*Scraped caption text data*.
================================
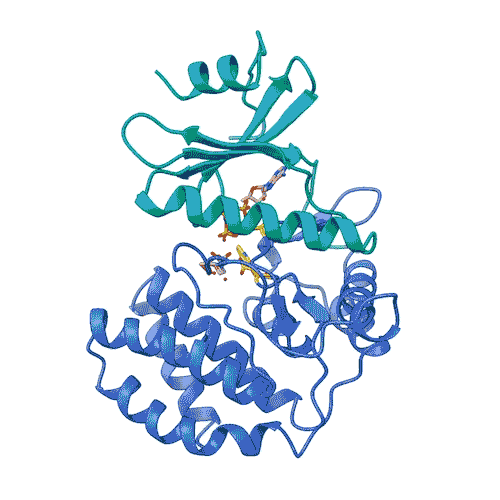 Animated gif of an FN3K 3D structure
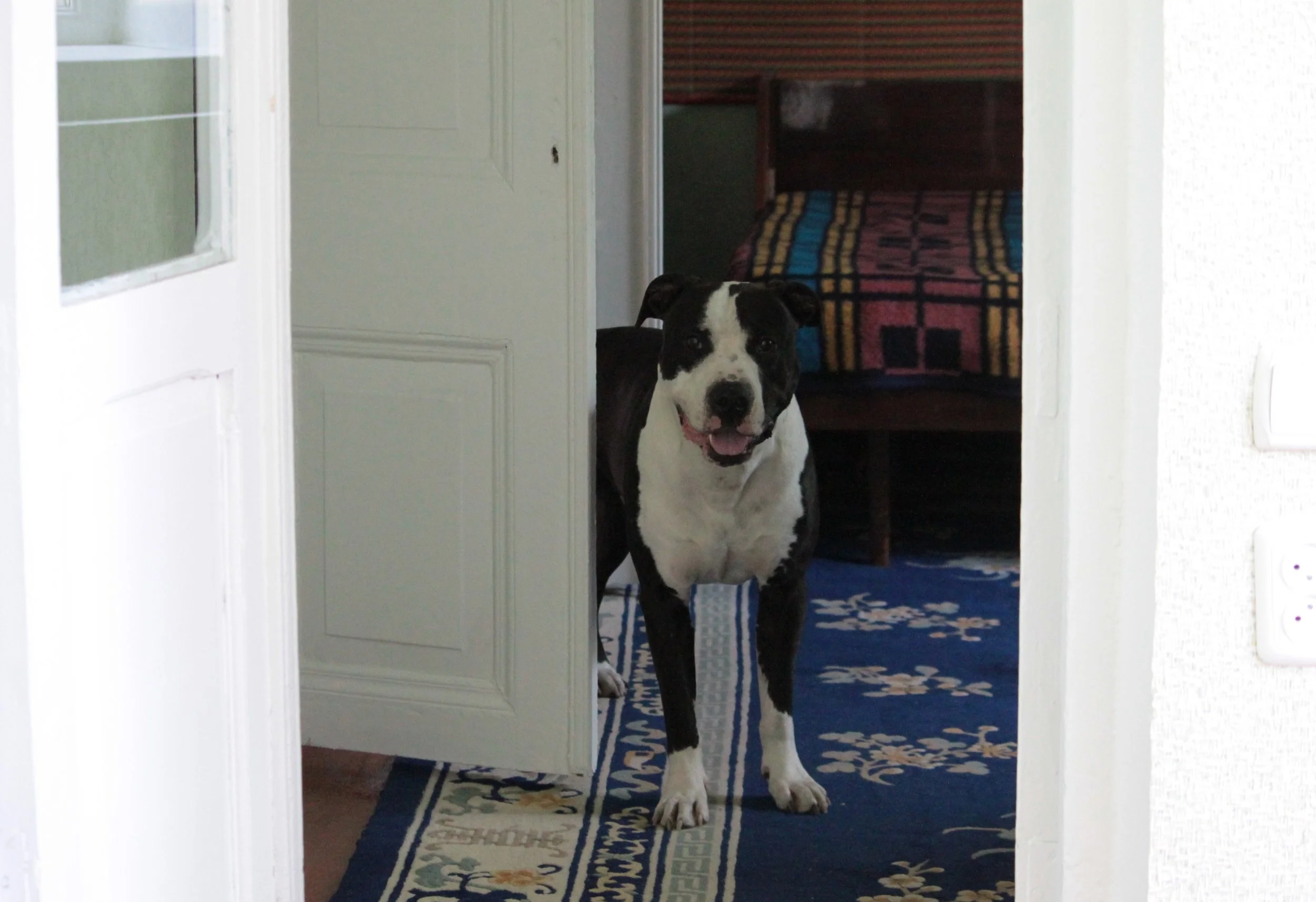 Собачий прокол - авторская колонка о жизни в Грузии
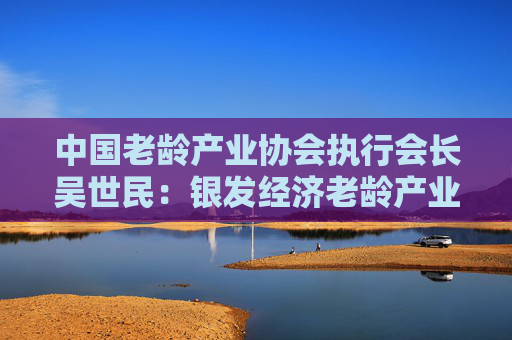 中国老龄产业协会执行会长吴世民：银发经济老龄产业不仅是经济命题，更是国家、民族文明进步的标尺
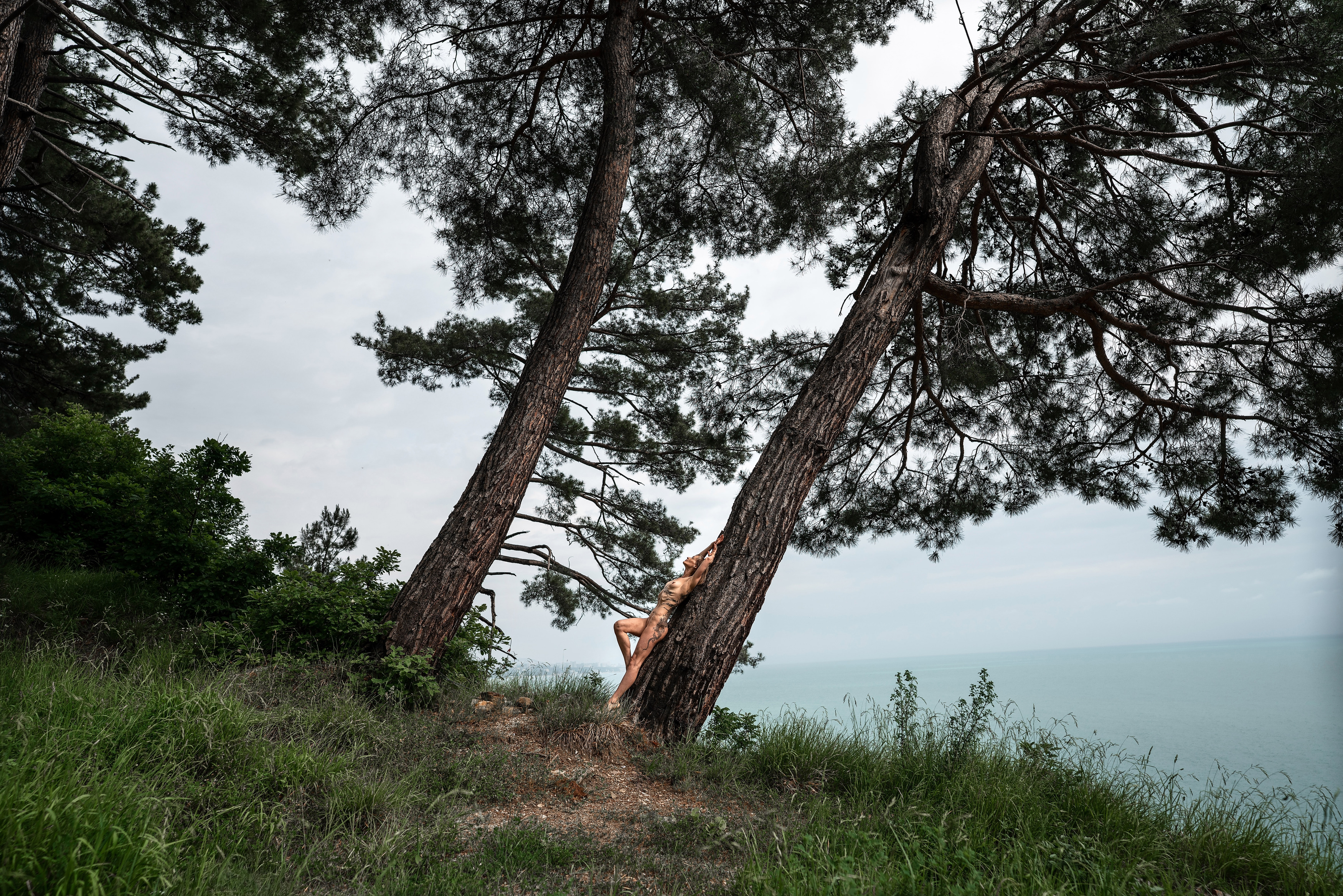 , Тырышкин Роман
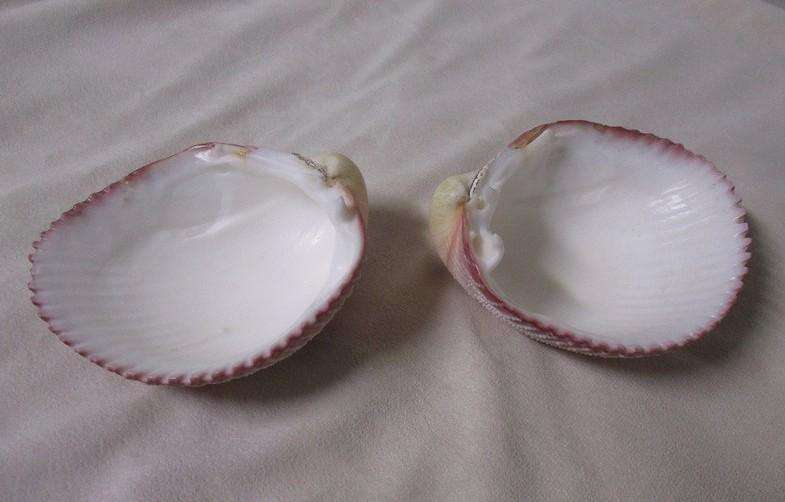 Art from Nature - Atlantic Giant Heart Cockle/Clam shell from the Caribbean (Dinocardium Robustum)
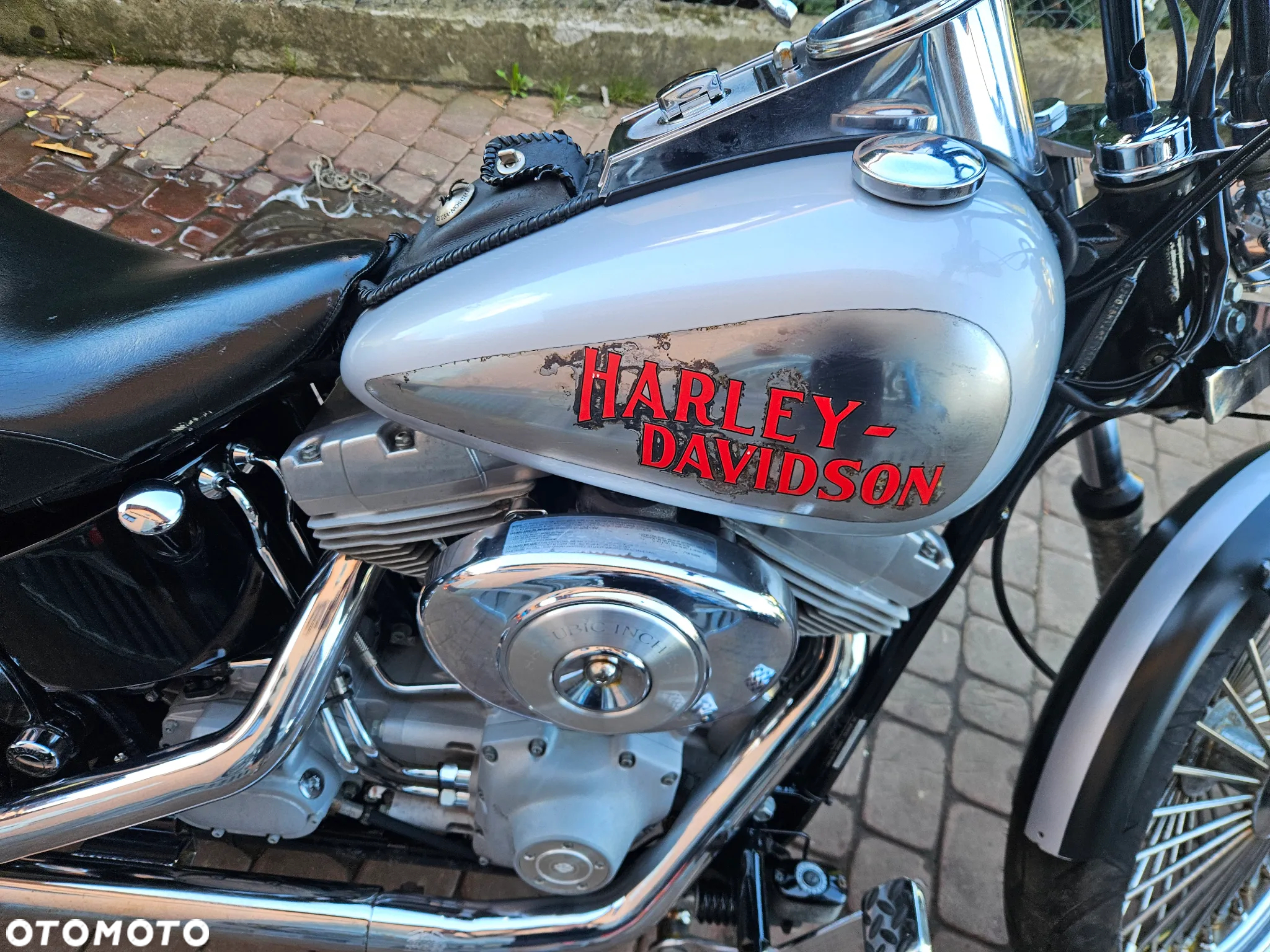Harley-Davidson Softail - 6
================================
*Task item*.
To answer, repeat exactly the lines from the line containing "Собачий прокол - авторская" through the last line of the data above, leaving out all pictures.

*Output of the task*.
 Собачий прокол - авторская колонка о жизни в Грузии
 中国老龄产业协会执行会长吴世民：银发经济老龄产业不仅是经济命题，更是国家、民族文明进步的标尺
 , Тырышкин Роман
 Art from Nature - Atlantic Giant Heart Cockle/Clam shell from the Caribbean (Dinocardium Robustum)
Harley-Davidson Softail - 6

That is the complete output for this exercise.